First thing we note is the fact the table shows some NAs, this is due to the fact that it is meaningless to calculate the standard deviation when we have only 1 observation. Aldur 5 is the level with the highest number of fishes. Looking at the counting in the other levels we can venture to say that the distribution of fish age looks normal. On the other hand average length and average weight increase as the age increases. It seems also that as length increases the standard deviation increases as well. This might means that if we plot length against age, higher values of ages, we would expect to see “fewer” points and more spread out compared to lower value of age. The same can be said for weight.

av %>% ggplot(mapping=aes(x=aldur,y=le)) +
  geom_point(size=2, alpha = 1/10, position = "jitter") +
  scale_x_continuous(breaks=seq(1:15)) +
  geom_point(data=ald.tab,
             mapping=aes(x=Aldur, y=AVG_length,
             col="Average Length"),
             size=3) +
  labs(col="",x="Aldur", y="Length")

#merge(x=av, y=ald.tab, by.x="aldur", by.y="Aldur", all.x = T) %>% 
#  ggplot(mapping=aes(x=aldur,y=le)) +
#  geom_point(size=2.5) + geom_point(mapping=aes(x=aldur,y=AVG_length,col="Average length"),size=1) + scale_x_continuous(breaks=seq(1:15)) +
#  labs(col="",x="Aldur", y="Length")
av %>% ggplot(mapping=aes(x=as.factor(aldur),y=le)) +
  geom_boxplot() +
  stat_summary(fun=mean, geom="point", shape=3, size=2, color="red", fill="red") +
  scale_x_discrete(breaks=seq(1:15)) +
  labs(col="",x="Aldur", y="Length")

When ‘aldur’ is treated as a continuous variable and we plot the obs as dots/points we can get an idea of the number of fishes for each level (I am using the word ‘level’ even though ‘aldur’ is not treated as a factor). As a result of this, we can see that there are no fish for aldur=12. This plot gives us an idea on how the single observations are scattered. Arguments like alpha = 1/10, position = “jitter” help us distinguishing the single observation.

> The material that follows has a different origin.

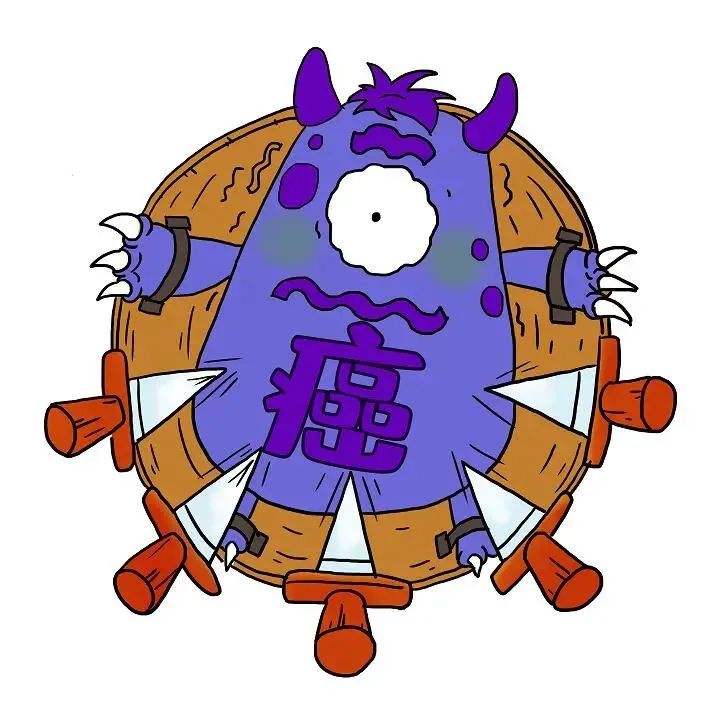 人参烟百草之王有药效吗,千年人参可以治疗癌症吗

Boxplot carries similar info but, in my opinion, in a better and compct format. The main advantage of a boxplot is that we can see the outliers, the median and how spread is the data for each level in terms of quartiles (1st, 2nd and 3rd). Whiskers length and IQ range add info/details about how the data is spread.

d)

set.seed(0908)
r.haf<-sample(levels(av$hafsvaedi),2)
r.haf
## [1] "NV" "SA"
r.av1<-av %>% filter(av$hafsvaedi==r.haf[1]) %>% sample_n(50)
r.av2<-av %>% filter(av$hafsvaedi==r.haf[2]) %>% sample_n(50)
r.av<-rbind(r.av1,r.av2)


sample_n(r.av, 5) %>% kable() %>%
  kable_styling(bootstrap_options = c("striped", "hover", "condensed"))
recid reit smrt tog_nr dag man dyp_min dyp_max vf nr le ky aldur osl sl li hafsvaedi kt2
100487 626 4 11 10 3 275 244 73 5 77 2 6 4626 3456 428 NV kynþroska
100318 413 4 16 19 3 160 155 73 3 60 1 4 2006 1665 148 SA ókynþroska
100319 412 3 13 19 3 195 250 73 7 70 2 6 3454 2889 254 SA kynþroska
100318 413 4 16 19 3 160 155 73 13 68 2 6 3008 2468 264 SA kynþroska
100297 462 4 2 17 3 220 220 73 3 62 1 5 2454 1953 244 SA kynþroska

e)

n<-nrow(r.av1)
m<-nrow(r.av2)
alpha<-0.05

xbar<-mean(r.av1$le) # maximum likelihood estimator for mu1 (population mean)
xbar
## [1] 57.94
ybar<-mean(r.av2$le) # maximum likelihood estimator for mu2 (population mean)
ybar
## [1] 71.54

Let’s assume:

\(X\): is random variable measuring fish length (le) in area NV-> independent and normally distributed.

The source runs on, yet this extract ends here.